Give back exactly the lines from the one that holds "Boneless turkey breast" through the final line of the data; omit the pictures and add nothing.

→ Stored data
● ● ● ● ●

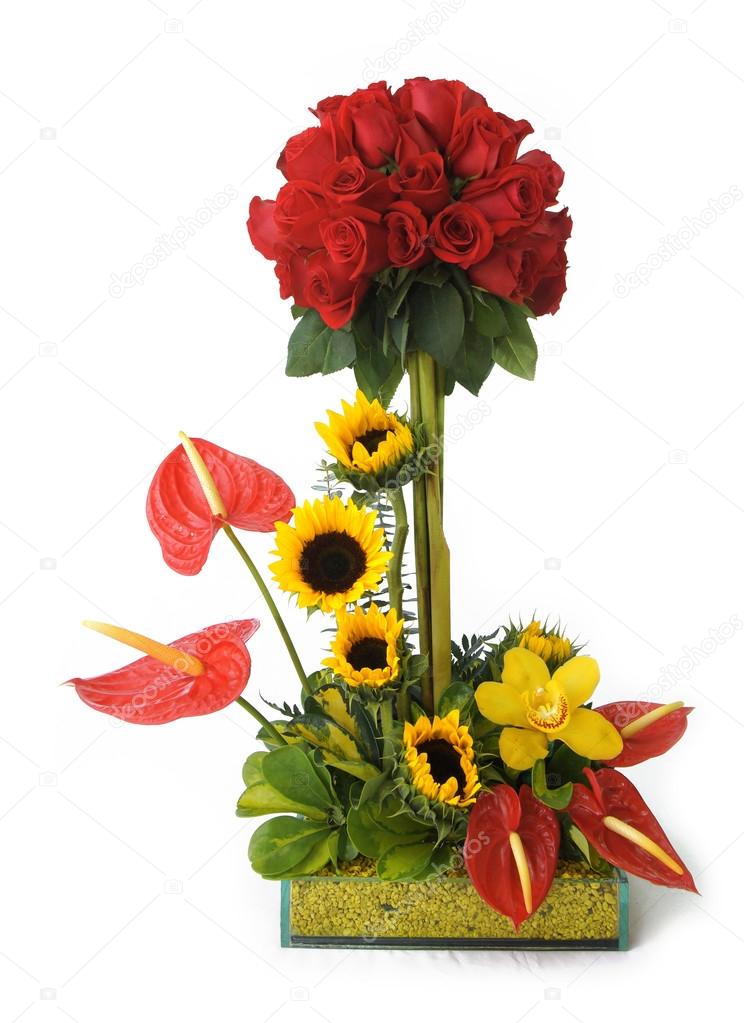 Glass pot with red roses and sunflowers on white background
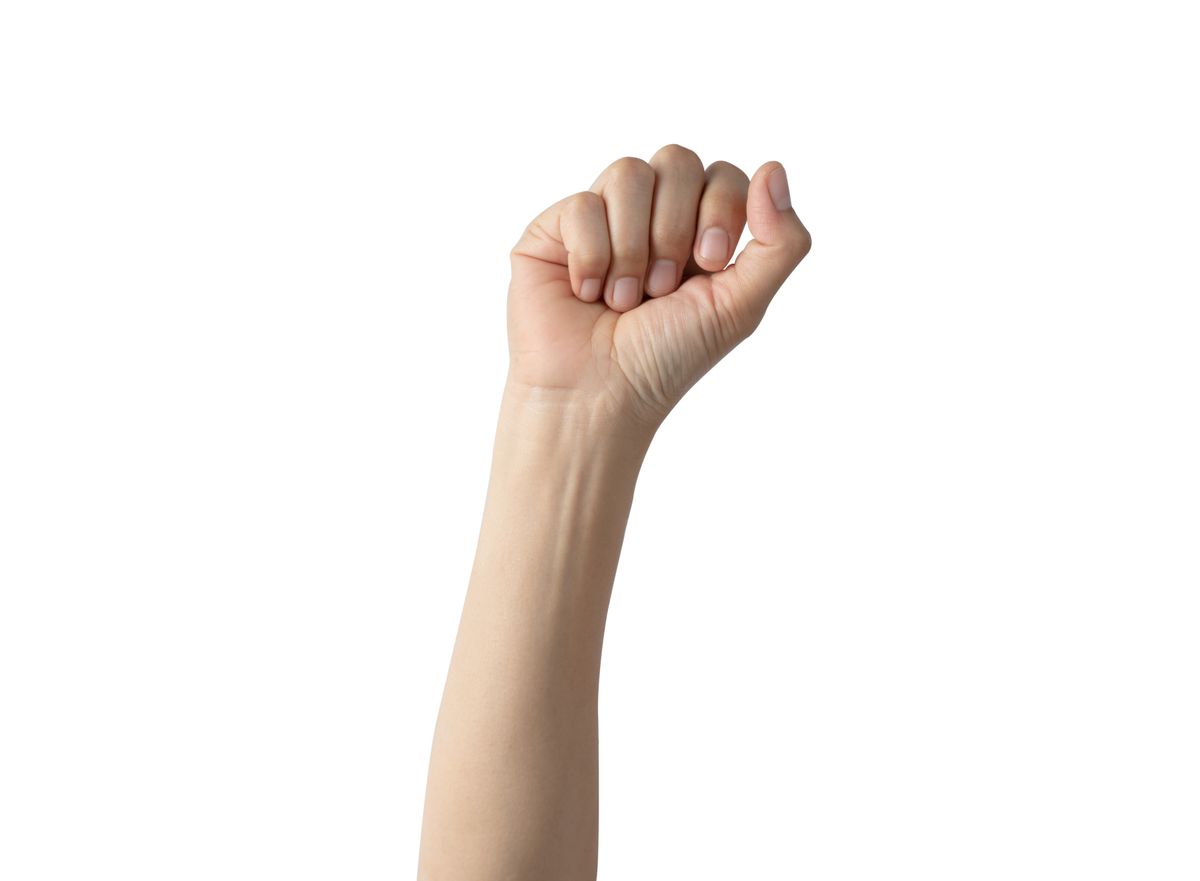 hand clenched something isolated on white background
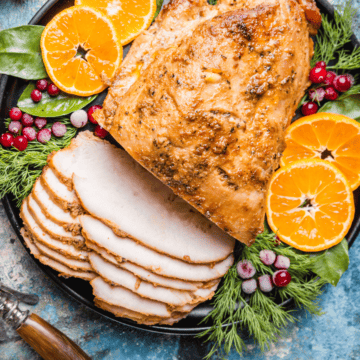 Boneless turkey breast sliced on a serving platter.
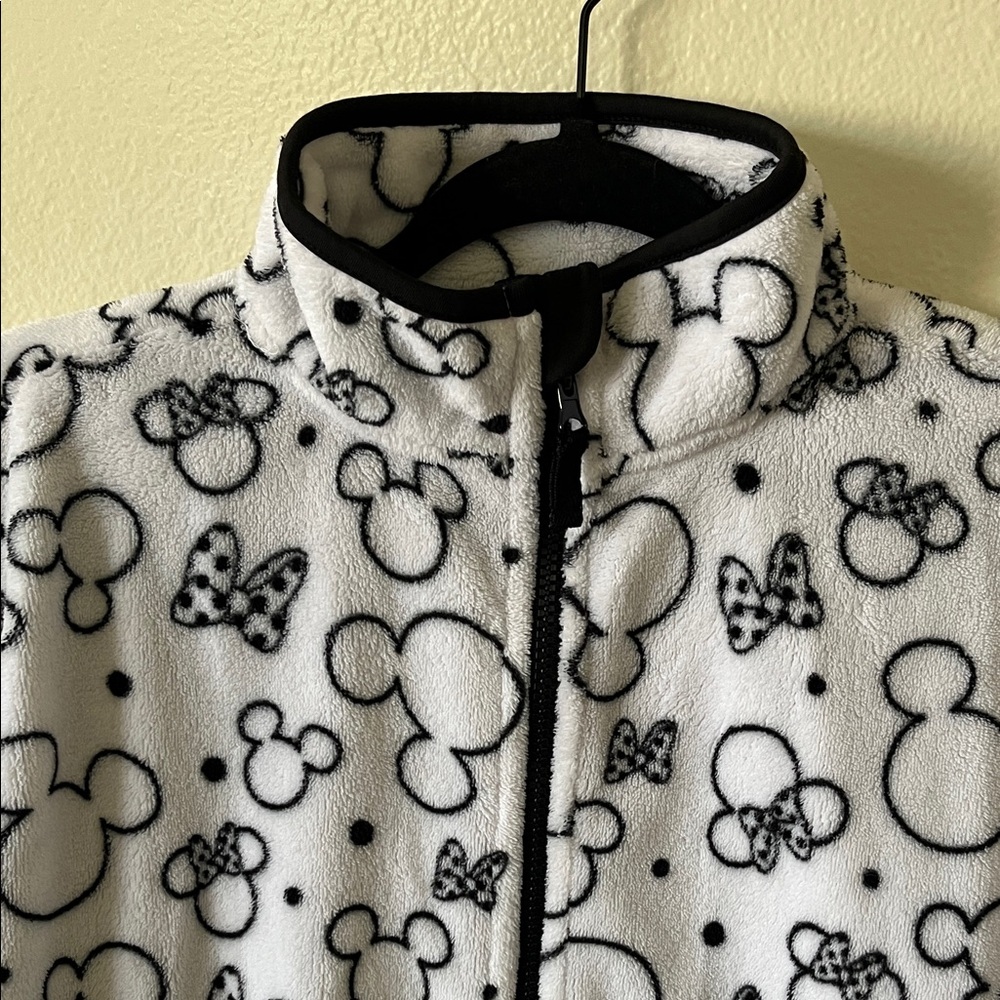 Disney Minnie Mouse silhouette black and white fleece zipper jacket.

● ● ● ● ●

→ Task result
 Boneless turkey breast sliced on a serving platter.
 Disney Minnie Mouse silhouette black and white fleece zipper jacket.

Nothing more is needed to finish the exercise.